如何使用bash获取文件列表中某些字符串的列表？

Question

这个标题也许并不能真正的描述问题，但是我找不到更简洁的方式来描述这个问题。

我有一个包含不同文件的目录，这些文件的名字就像这样。

{some text}2019Q2{some text}.pdf

所以文件名中的某处有一个年份后面跟着一个大写的Q 然后是另一个数字。其他的文字可以是任何东西，但不会包含任何与格式year-Q-number匹配的东西。

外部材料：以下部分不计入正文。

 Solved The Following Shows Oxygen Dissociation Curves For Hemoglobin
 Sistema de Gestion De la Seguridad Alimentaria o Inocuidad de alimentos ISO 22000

也不会有数字直接在这个格式之前或之后。

我可以想办法从一个文件名中得到这些信息，但实际上我需要一个 "列表"，这样我就可以在bash中做一个for-loop。

所以，如果我的目录中包含了这些文件，我需要一个for循环来翻阅这些文件。

costumerA_2019Q2_something.pdf
costumerB_2019Q2_something.pdf
costumerA_2019Q3_something.pdf
costumerB_2019Q3_something.pdf
costumerC_2019Q3_something.pdf
costumerA_2020Q1_something.pdf
costumerD2020Q2something.pdf

我想用for循环的方式来处理2019Q2, 2019Q3, 2020Q1, 和2020Q2.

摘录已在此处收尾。